You can easily create custom filters by deriving from the Xceed.FileSystem.Filter class and overriding the IsItemMatching method. A SearchFilter class, which searches for a particular text within files could look like this:

  class SearchFilter : Filter
  {
    public SearchFilter( string text )
      : base( FilterScope.File )
    {
      if( text == null )
        throw new ArgumentNullException( "text" );

      if( text.Length == 0 )
        throw new ArgumentException( "The text cannot be empty.", "text" );

      m_text = text;
    }

    public override bool IsItemMatching( FileSystemItem item )
    {
      AbstractFile file = item as AbstractFile;

      if( file == null )
        return false;

      try
      {
        int bufferSize = ( file.Size < 0x1000000 )
          ? unchecked( ( int )file.Size )
          : 0x1000000;

        byte[] search = System.Text.Encoding.Default.GetBytes( m_text );

        if( search.Length <= bufferSize )
        {
          byte[] buffer = new byte[ bufferSize ];
          int found = 0;

          using( BinaryReader reader = new BinaryReader( file.OpenRead( FileShare.ReadWrite ) ) )
          {
            int read = 0;

            while( ( read = reader.Read( buffer, 0, bufferSize ) ) > 0 )
            {
              found = FindBuffer( buffer, 0, read, search, found );

              if( found == search.Length )
                return true;
            }
          }
        }     
      }
      catch {}

      return false;
    }

    private int FindBuffer(
      byte[] source,
      int sourceStart,
      int sourceCount,
      byte[] search,
      int searchIndex )
    {
      // TODO: Param check!

      for( int i=0; i<sourceCount; i++ )
      {
        if( source[ sourceStart + i ] == search[ searchIndex ] )
        {
          if( ++searchIndex == search.Length )
            return searchIndex;
        }
        else
        {
          searchIndex = 0;
        }
      }

      return searchIndex;
    }

    private string m_text; // = null
  }

Using this custom filter, you can now copy only files that contain a particular text:

  sourceFolder.CopyFilesTo( destFolder, true, true, new SearchFilter( "allo" ) );

Conditionally recursing

One missing feature we had with the filtering will be addressed with today's release. There were no way to control which subfolders to recurse into or not when calling methods accepting filters (CopyFilesTo, MoveFilesTo, GetFiles, GetFolders). The FilterScope.Folder value wasn't preventing recursing into subfolders. It was only meant to include or exclude folder entries from being copied. But passing "true" or "false" as the "recurse" parameter was an all or nothing deal.
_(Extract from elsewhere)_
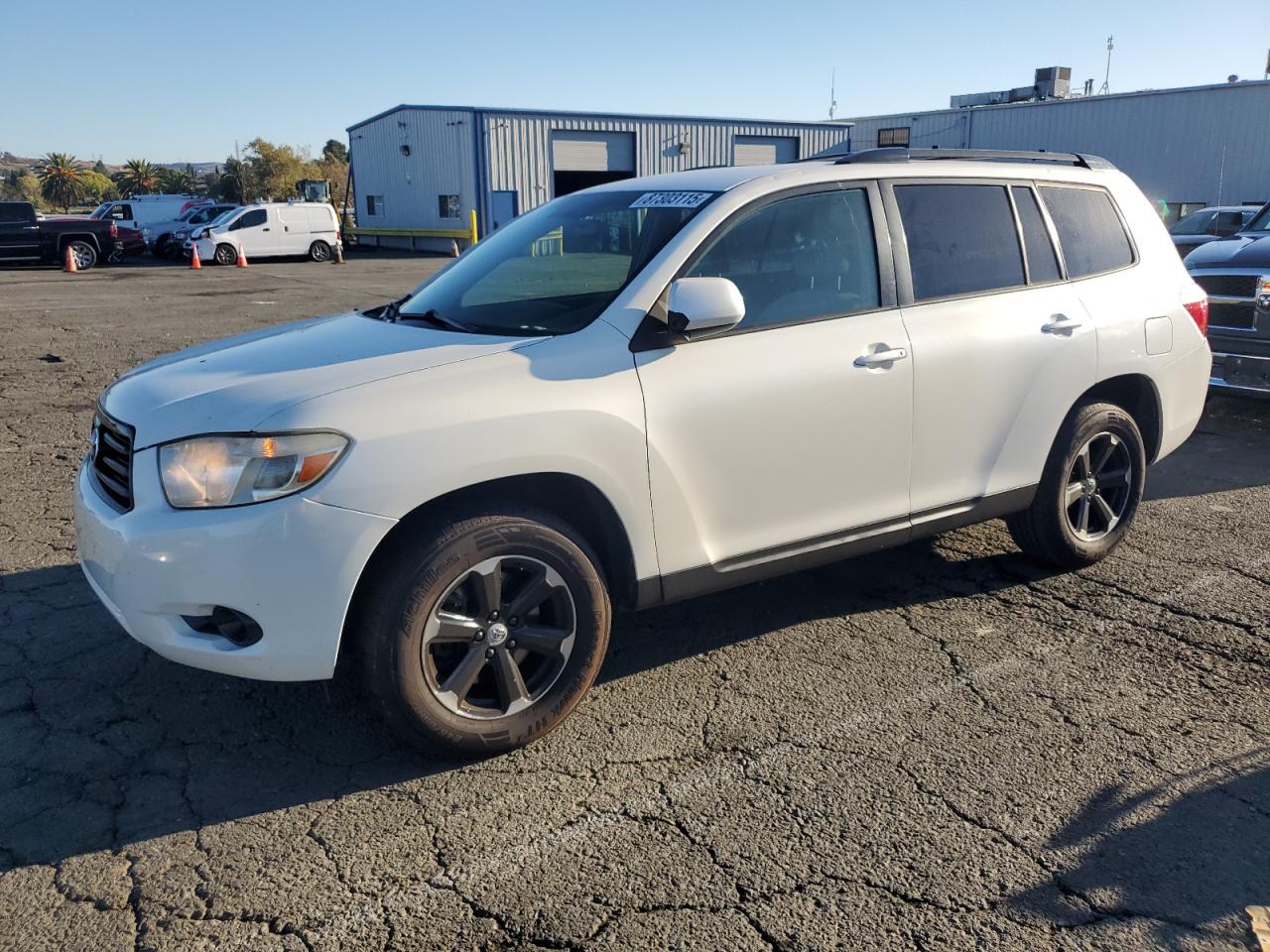 TOYOTA HIGHLANDER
Today, we introduce a new scope: FilterScope.Recurse. It does not interfere with the File or Folder socpe, and only determines if we should continue matching files into each subfolder. Its number one use is for excluding subfolders:

  sourceFolder.CopyFilesTo( destFolder, true, true, 
    "*.txt", new NotFilter( new NameFilter( "Bar", FilterScope.Recurse ) ) );

The way you combine "Recurse" filters and other filters is irrelevant. When deciding to copy files or folders, the library ignores any filters with the Recurse scope. When deciding to call itself recursively, the library ignores any filters with the File or Folder scope.

We plan on providing new types of filters. Suggestions welcomed!